Nous sommes bientôt en février 2019 et notre civilisation tient, bon an mal an, toujours debout. Les prédictions d’Yves Cochet (lire l’épisode 1) menaceraient-elles… de s’effondrer ? Pas si vite. Nos « mauvaises nouvelles planétaires » quotidiennes dessinent tout de même un panorama peu réjouissant, entre bestioles qui disparaissent (lire l’épisode 9), fuite en avant pétrolière et inconséquence politique (lire l’épisode 14). Et encore, on vous a épargné les chauve-souris décimées, les glaciers qui reculent en Asie et dans le monde, les poissons d’eau douce retrouvés morts, les records d’éclairs et même le destin de George l’escargot. Pas d’erreur, c’est l’horreur.

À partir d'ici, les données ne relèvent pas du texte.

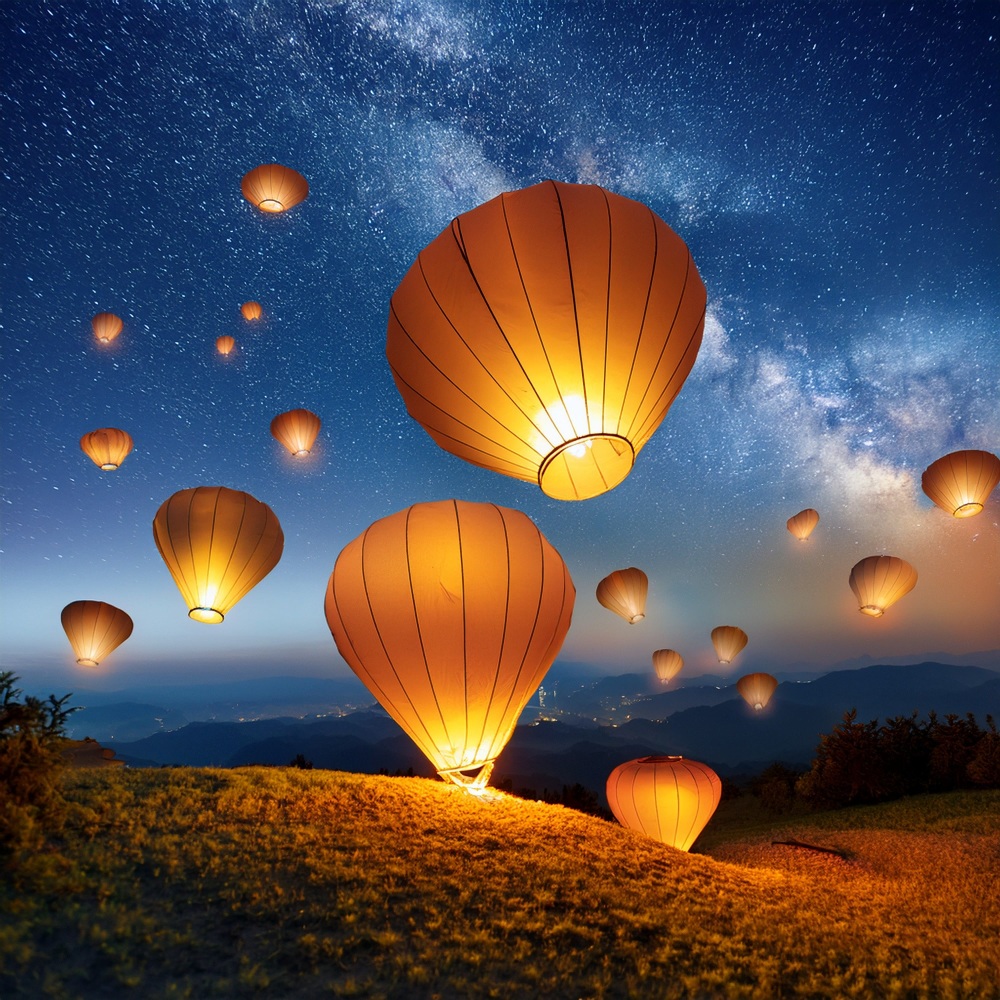 Sleepwalk Beneath The Autumn Stars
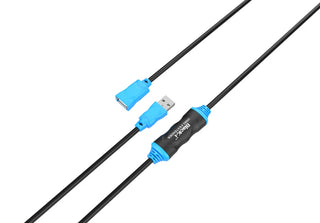 Black-i USB 2.0 Extension Cables with Amplifier 20M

Face à ce spectacle, les hommes politiques ne devraient-ils pas adapter leurs réponses en conséquence ? C’est ce que défend Corinne Morel Darleux, conseillère régionale Parti de Gauche en Auvergne-Rhône-Alpes. Celle qui a porté le positionnement « écosocialiste » du Parti de Gauche dès sa fondation en 2008 – et été secrétaire nationale chargée de l’écologie – a finalement quitté La France insoumise en novembre dernier. Aujourd’hui, elle s’intéresse à des mouvements écologiques plus radicaux et participe à de nombreux événements publics autour de l’effondrement. Son objectif : réinjecter du politique, de l’action collective, dans des auditoires parfois d’abord mus par des ressentis individuels. Pour cela, elle dispose d’un vecteur puissant : la fiction, qu’elle soit littéraire ou cinématographique.

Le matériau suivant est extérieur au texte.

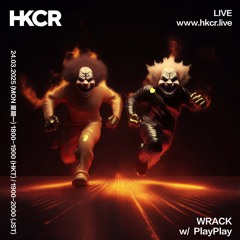 WRACK w/ PlayPlay - 24/03/2025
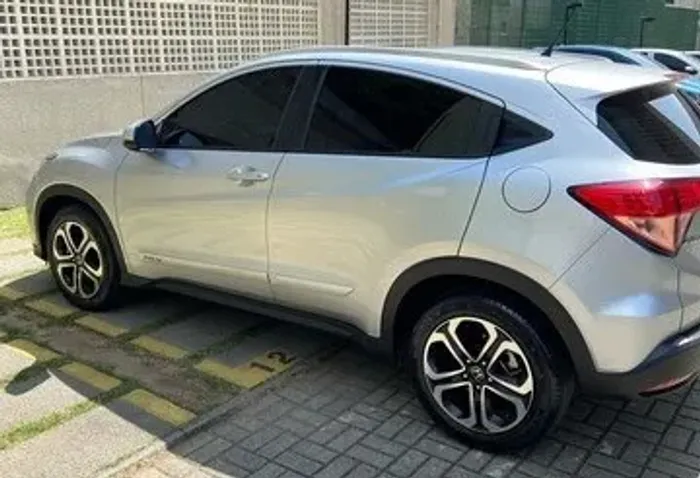 Honda HR-V EX 1.8 Flexone 16V 5P Aut. 2016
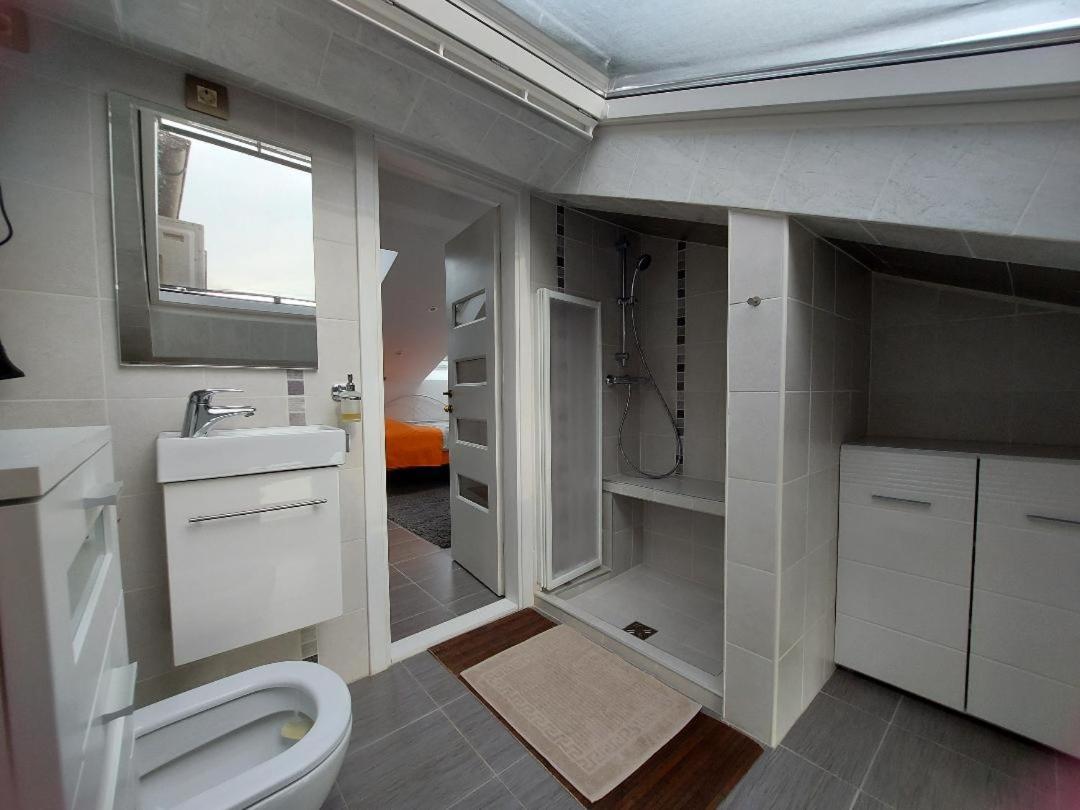 Apartment Trieste M&M Múggia Exteriér fotografie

Comment, en tant que femme politique, êtes-vous arrivée à la notion d’effondrement ?
Depuis dix ans, je suis les négociations climat, les rapports scientifiques sur le sujet, l’actualité liée à la biodiversité et l’action politique qui en découle – ou plutôt qui n’en découle pas. J’ai l’impression d’avoir assisté à la dégradation de la situation d’un point de vue géophysique et à une succession de gouvernements (Sarkozy, Hollande, Macron) qui ne prennent aucune des mesures qui devraient s’imposer. Du coup, il y a un an et demi, j’ai commencé à discuter avec des philosophes, des historiens, des anthropologues, des scientifiques, qui dessinaient les contours de quelque chose de transdisciplinaire autour de l’effondrement. J’ai rencontré Christophe Bonneuil qui s’occupe de la collection Anthropocène au Seuil et pas mal de ses auteurs, notamment Pablo Servigne.

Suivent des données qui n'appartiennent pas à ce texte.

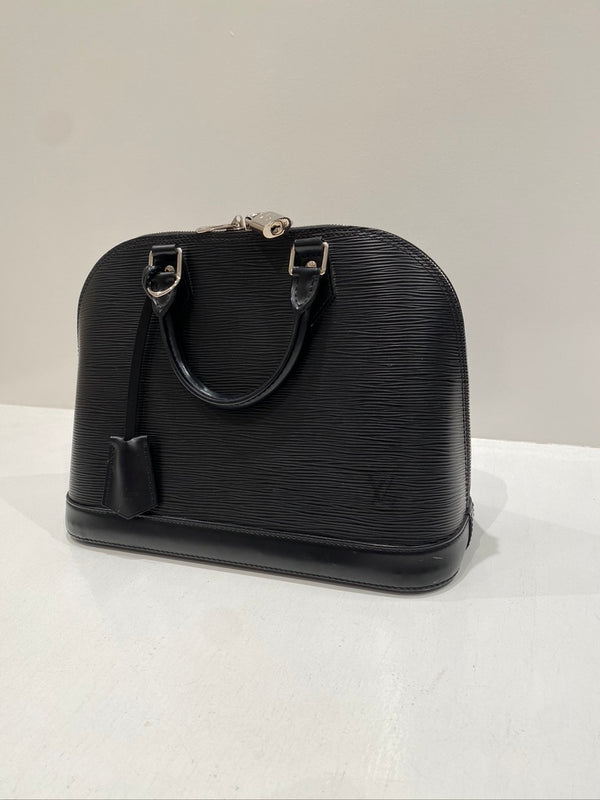 Louis Vuitton Amma PM - Epi Håndtaske - (Nypris 15.800 kr)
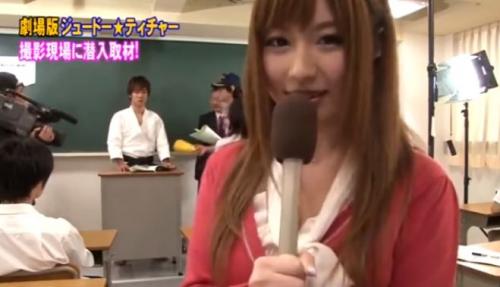 成瀬心美【女子アナセクハラ】超絶かわいいレポーターがエッチなことされまくるｗ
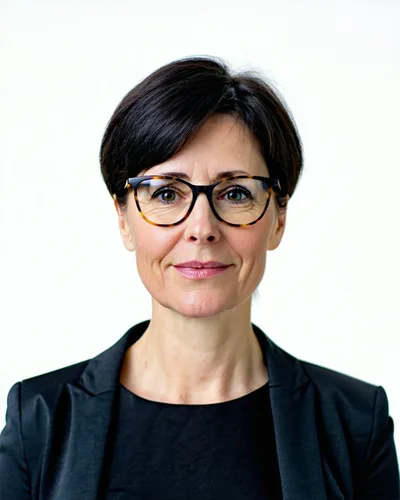 Dr. Petra Hölscher, Director of Propulsion Engineering at ISPTech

Il faut mettre en place des stratégies pour préserver ce qui doit l’être dans la civilisation telle qu’on la connaît… mais il faut aussi se préparer à ce que ça ne suffise pas. Et donc imaginer des stratégies d’adaptation beaucoup plus radicales.
Ça a été un bouleversement ?
Non, cette notion d’effondrement n’a pas révolutionné grand-chose dans ma manière d’aborder les choses.